◆ **Information provided**:
= Beginning of Section =

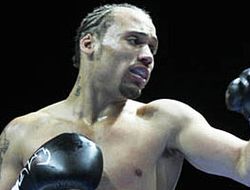 фото - Вернон Пэрис против Пендарвиса; Крис ван Херден вернётся в апреле 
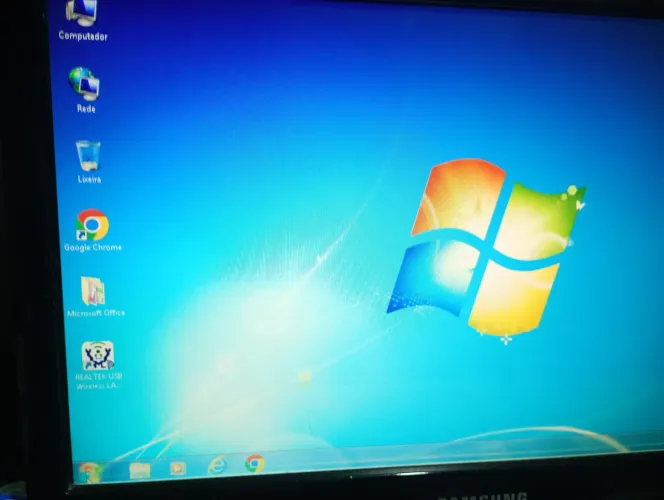 CPU Positivo Intel Dual Core 3 Gigas de RAM
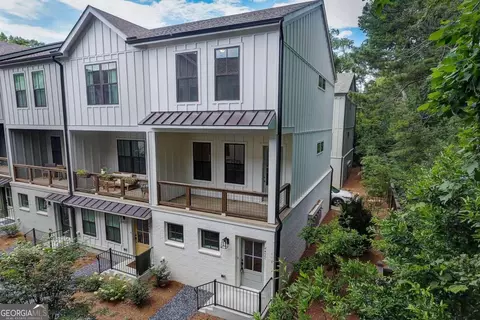 4473 Dalston Dr NE #10, Atlanta, GA 30342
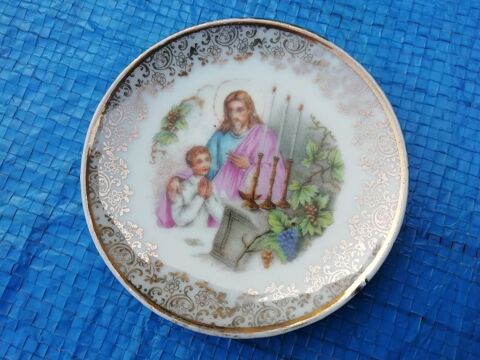 Assiette miniature Limoges 8 cm ; Jsus  12 Lsigny (77)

= End of Section =

◆ **What is needed**: Repeat each line of the material exactly, and drop any image it carries.

◆ **Exercise solution**:
 фото - Вернон Пэрис против Пендарвиса; Крис ван Херден вернётся в апреле 
 CPU Positivo Intel Dual Core 3 Gigas de RAM
 4473 Dalston Dr NE #10, Atlanta, GA 30342
 Assiette miniature Limoges 8 cm ; Jsus  12 Lsigny (77)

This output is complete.